For the record, Massachusetts Senator Elizabeth Warren has repeatedly said she’s not running for president. She has not encouraged any of the burgeoning draft movements for her to run. But she’s coy enough to let the legions that implore her to run to keep imploring her to do just that. But it really doesn’t make a difference whether she tosses her hat in the presidential rink in 2016 or not. She will loom large in the 2016 presidential hunt anyway. That’s good and bad news for Democrats, more specifically for presumptive Democratic presidential contender, Hillary Clinton.
It’s true that Warren can energize frustrated liberals and progressives whose numbers are still big and it’s much-needed for Democrats to rebound from its November mid-term shellacking. Warren’s relentless pounding of Wall Street for greed and manipulation, as well as its cozy ties with Clinton, are flashpoints of rage and disgust for many Democratic voters. Polls consistently show that a majority of Americans agree that the financial system is rigged for the rich, and that Wall Street and major corporations play and massage the system with impunity. Warren has firmly staked out her position as the one politician who is willing to confront Wall Street.
Without Warren in the race, there’s the real possibility that many Democrats could do exactly what many in the GOP’s ultra-conservative base did in 2008, and to an extent in 2012, and that’s stay home on Election Day in silent protest against GOP presidential candidates John McCain and Mitt Romney. As it was with them, this would be a disaster for Democrats. Warren, though, is no Obama. She can’t match him in charisma, political skill and a mountainous financial campaign kitty that he brought to the political table. Yet, she would still send thousands of doubting Democrats in a crusade to the polls in a Democratic primary joust with Clinton. But what then when she doesn’t win the nomination?
Clinton is mindful of the loathing that legions of Democrats have for her Wall Street connection. In the general election, big bankers, financial executives and top corporate donors are expected to be generous bankrollers of her campaign. This was the reason that Clinton at a Democratic gubernatorial campaign rally in Massachusetts in November was effusive in her praise of Warren and in the process took a big shot at Wall Street and the corporations minimizing their role in job creation. Later she walked it back claiming she had “short-handed” her comments. In the run-up to the 2016 presidential campaign, she will be continually challenged to tell which Clinton Democrats are to believe: the Wall Street or the populist Clinton. It will take deft political footwork on her part to try to be both and neither at the same time. This will reinforce the notion among Clinton detractors that she will say whatever it takes to try and please two polar-opposite political constituencies.

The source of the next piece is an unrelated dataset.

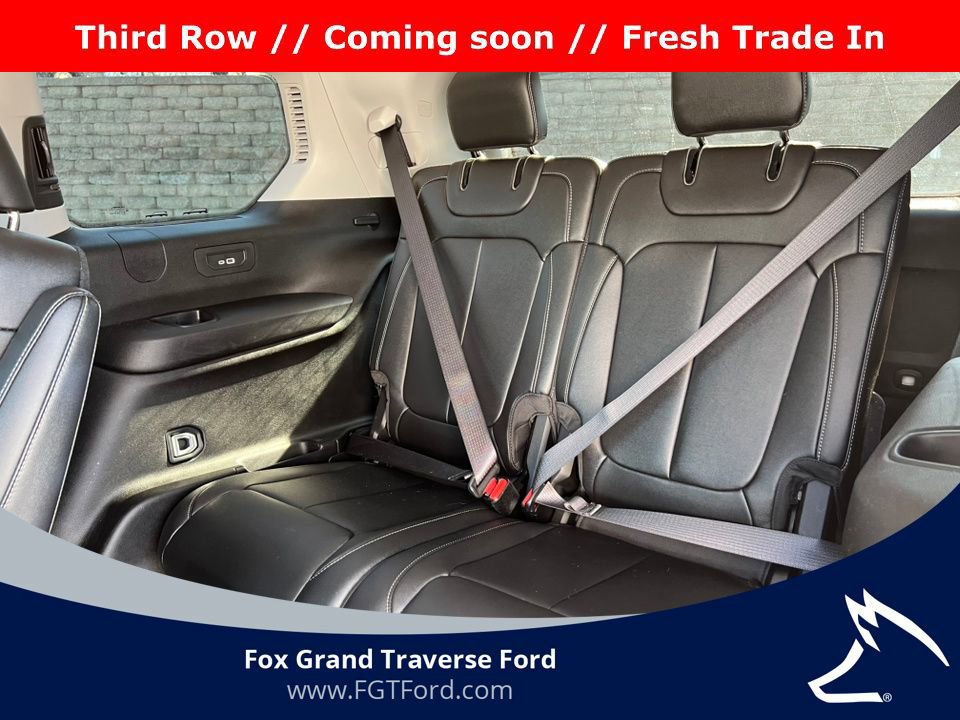 Used 2023 Jeep Grand Cherokee L Limited image 11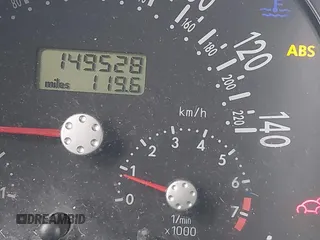 2000 Volkswagen Beetle GLS z VIN 3VWCC21C9YM485902, wystawiony jako IAAI lot #41283215 z przebiegiem 149 528 mil mil oraz . Historia ofert i sprzedaży dostępna na DreamBid. Obrazek 7.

All the while, non-candidate Warren will be repeatedly hailed as the one Democrat not afraid to speak her mind and take action to reign in Wall Street and not continue the corporate and Wall Street giveaways that, at times, have been co-signed under GOP duress by President Obama. The only real winner in an irreconcilable split among the Democrats is the GOP. GOP strategists will not mention Warren in their attacks on Clinton. Instead they will use her as their foil to paint Clinton as anti-business, and another tax-and-spend Democrat. And worse, a Democratic president who would be politically beholden, even hostage to Warren backers, and would impose more crippling restraints on corporations and the financial industry.
If Warren did choose to enter Democratic primary contests, her backers would cheer wildly. And this would force Clinton to spell out her position on the issues and tell how a Clinton administration would differ from Obama’s and husband Bill’s. She would also have to spend time making assurances that she is not the unreconstructed hawk on foreign policy issues that progressive Democratic critics lambaste her as.
This would pose fresh problems for Clinton. She’d have to talk even more boldly about tough financial regulations and reforms, and that would make her appear as even further to the left. That would feed Fox News and the Republican National Committee with a bonanza of round-the-clock hit points against Clinton. They would tar her as a Ralph Nader-style Democrat who as president would war perennially with a GOP controlled Congress. The result, they’d loudly claim, would be even deeper gridlock that many Americans dread.
The saving grace for now is that Democrats, by a lop-sided margin, are solidly behind Clinton. That’s the good news for Clinton. The bad news is those numbers mask the weak enthusiasm or outright opposition that many Democrats have to a Clinton presidential bid. Warren almost certainly will continue to remain their alternative.
Earl Ofari Hutchinson is an author and political analyst.